> **What the task asks**:
Transcribe word for word each line from the one containing "1504 Prosperity Dr, Edinburg, TX 78541" to the final line of the data, both included. Skip the pictures.

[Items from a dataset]
++++++++++++++++++++

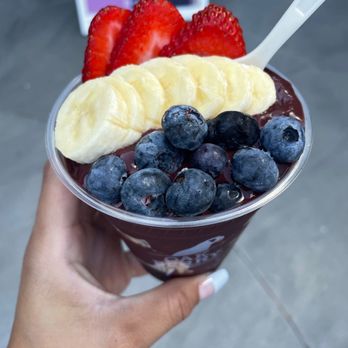 Oakberry Acai - Juice Bars & Smoothies Near Me - Los Angeles, California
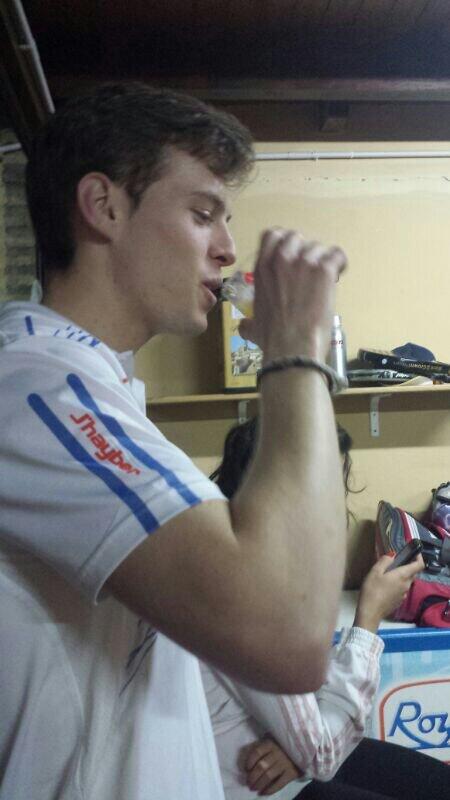 Pibetron's tweet photo. @danielmanrey @Ivan_Yerno @ArualPanal  este es tu novio hija mia. Ya lo hemos dejao en casa por fin. No se queria ir. http://t.co/ze9mAB4FdF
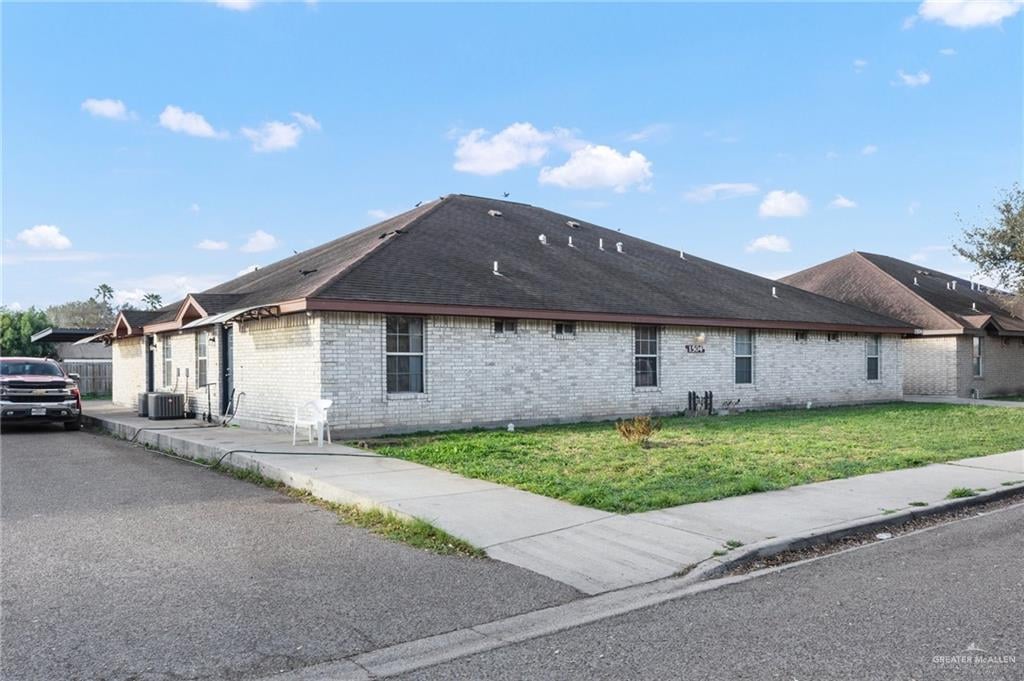 1504 Prosperity Dr, Edinburg, TX 78541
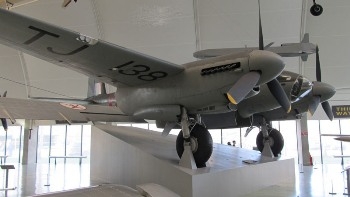 De Havilland Mosquito B.35 Walk Around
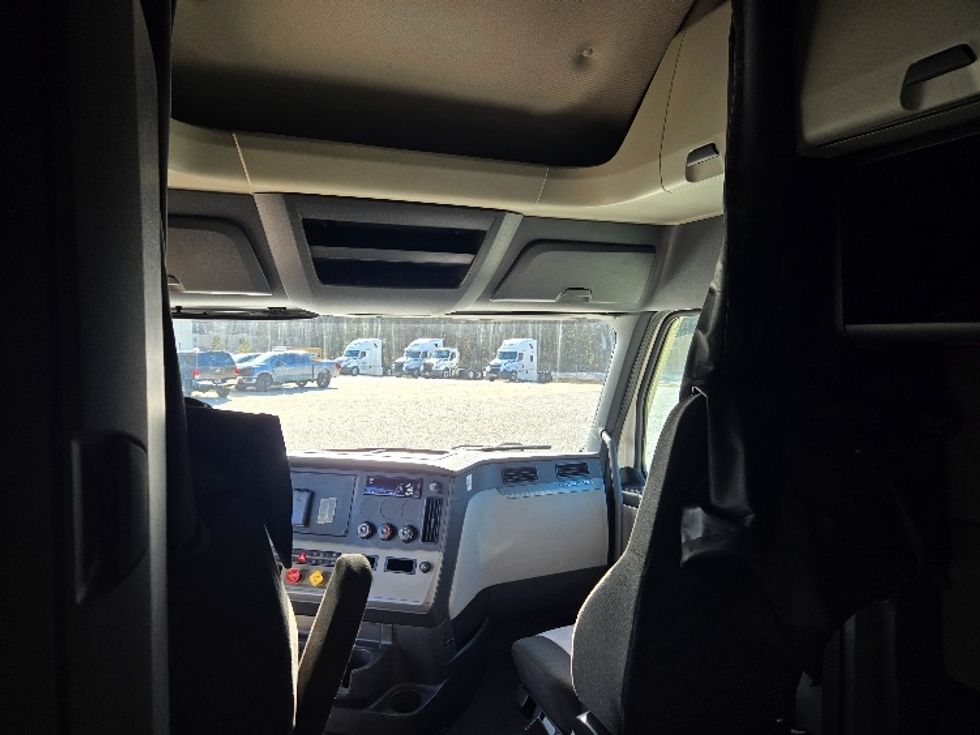 Sleeper Tractor-Heavy Duty Tractors-Freightliner-2020-T12664ST-Villa Rica-GA-580,182\n\t\tmiles-$ 50,750 - Image 26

++++++++++++++++++++

> **Your response**:
 1504 Prosperity Dr, Edinburg, TX 78541
 De Havilland Mosquito B.35 Walk Around
 Sleeper Tractor-Heavy Duty Tractors-Freightliner-2020-T12664ST-Villa Rica-GA-580,182\n\t\tmiles-$ 50,750 - Image 26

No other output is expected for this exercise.